Promediando el siglo comenzó a asimilarse un cambio cultural —la modernidad— de raigambre noreuropea, que introdujo nuevos rituales navideños que se asumieron con rapidez, primero en la élite y después en otros sectores sociales: el mito de Santa Claus (Viejo Pascuero), el villancico “Noche de paz” y tiendas con vitrinas que iluminaban juguetes y productos importados. La festividad fue adoptando un carácter más privado, familiar, adornándose las casas con el pino de pascua, guirnaldas, más el pesebre en alguna parte. Esta modalidad se elevó a la décima potencia con el correr del siglo XX, máxime cuando pasó a predominar el modelo estadounidense (1920), que se apropió de Santa Claus (vestido de rojo, corpulento y de barba blanca montado sobre un trineo) y el pino decorado a full, que pasaron a ser el corazón de la festividad; el comercio, y más tarde las grandes tiendas, invitan a “vivir la magia de la navidad”; el culto al pesebre fue decreciendo en el espacio público y domicilios.

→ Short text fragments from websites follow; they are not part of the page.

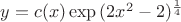 $y=c(x)\exp{(2x^2-2)^{\frac {1} {4}}}$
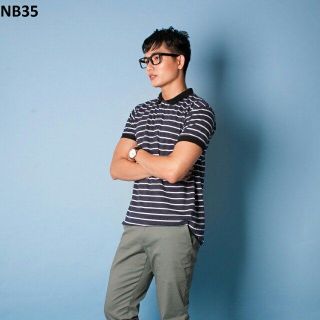 Nb35 áo thun nam cổ bẻ sọc xanh đen trắng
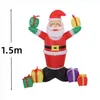 Bolsa de Regalo Inflable de Papá Noel de Doble Mango de 1.5m Nueva Decoración Exterior Adorno para Fiesta Navideña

No repruebo nada. Los niños y la gente lo disfrutan, es momento familiar de amistad, hay alegría y afecto. Pero la modernidad “licuada” o el relativismo, individualismo, agnosticismo, consumismo reinantes, han transformado su sentido. El auténtico es más relevante, responde a un hecho histórico trascendente, no es solo un cuento bonito. José y María se prepararon para recibir al niño que pataleaba en su vientre, eran familia y nadie más lo recibiría y cuidaría. De Nazaret se trasladaron a Belén y la preocupación de José fue encontrar un albergue y solo dispuso de una gruta al borde del camino, donde se guardaba ganado, con paja en el piso y quizás había un burro y una vaca, distinto al pesebre que hemos supuesto. Los evangelistas no comentan si hubo más gente en el parto; dicen: María dio a luz, envolvió en pañales a la criatura y la acostó. Todo fue muy sencillo. Sabían de quién se trataba, lo contemplaban maravillados, pero no entendían mucho. La tradición esperaba un Mesías llegando con solemnidad. Cierto, es un misterio, porque fue Dios que se hacía hombre y niño, como persona alcanzable, para que la humanidad pudiera acogerlo, amarlo. En silencio, María y José pudieron comprender su grandeza…Y 30 años después, aparecería como Jesús explicando quién era su Padre y cuál el camino para conocer su Reino. El nacimiento fue real, creíble, y creyendo, se puede entender todo el misterio en torno a Jesús.